MPUC argues that it has express authority to order restitutional relief under Minn.Stat. § 237.081, which authorizes MPUC to "make an order respecting [an unreasonable, insufficient, or unjustly discriminatory] . . . act, omission, practice, or service that is just and reasonable" and to "establish just and reasonable rates and prices." Minn.Stat. § 237.081, subd. 4. MPUC also claims the authority to order restitution is encompassed within Minn.Stat. §§ 237.461 and 237.462.2 Section 237.461 is a competitive enforcement statute that permits MPUC to seek criminal prosecution, recover civil penalties, compel performance, or take "other appropriate action." Minn.Stat. § 237.461, subd. 1. Section 237.462 is also an enforcement statute which states that "[t]he imposition of administrative penalties in accordance with this section is in addition to all other remedies available under statutory or common law. The payment of a penalty does not preclude the use of other enforcement provisions . . . ." Minn.Stat. § 237.462, subd. 9. MPUC asserts that this statutory framework supports a finding that MPUC possesses the express or implied authority to order restitution in this case.

While we agree that these statutes give MPUC broad statutory authority to regulate the telecommunications market in Minnesota, none of them vest MPUC with the express authority to order remedial relief.
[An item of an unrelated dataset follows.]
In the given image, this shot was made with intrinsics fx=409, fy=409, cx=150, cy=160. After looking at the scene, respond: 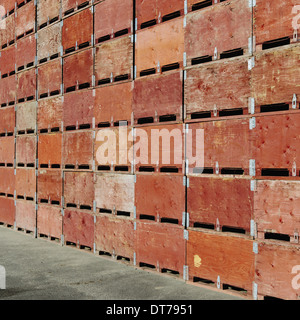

We therefore agree with the district court that because none of these statutes expressly refer to remedial/restitutional relief, the relevant inquiry is whether MPUC has the implied authority to order restitution. We conclude that no such authority exists.

In Peoples Natural Gas, the Minnesota Supreme Court observed that, "[w]hile express statutory authority need not be given a cramped reading, any enlargement of express powers by implication must be fairly drawn and fairly evident from the agency objectives and powers expressly given by the legislature." 369 N.W.2d at 534. The Minnesota court then held that MPUC lacked the implied authority under Minn.Stat. §§ 216B.03 and 216B.08 to order a public utility to refund revenues collected from its customers in violation of a MPUC order, rejecting MPUC's argument that the Commission's duty to assure rates that are "just and reasonable" vested MPUC with the authority to order a refund. Id. at 534-36.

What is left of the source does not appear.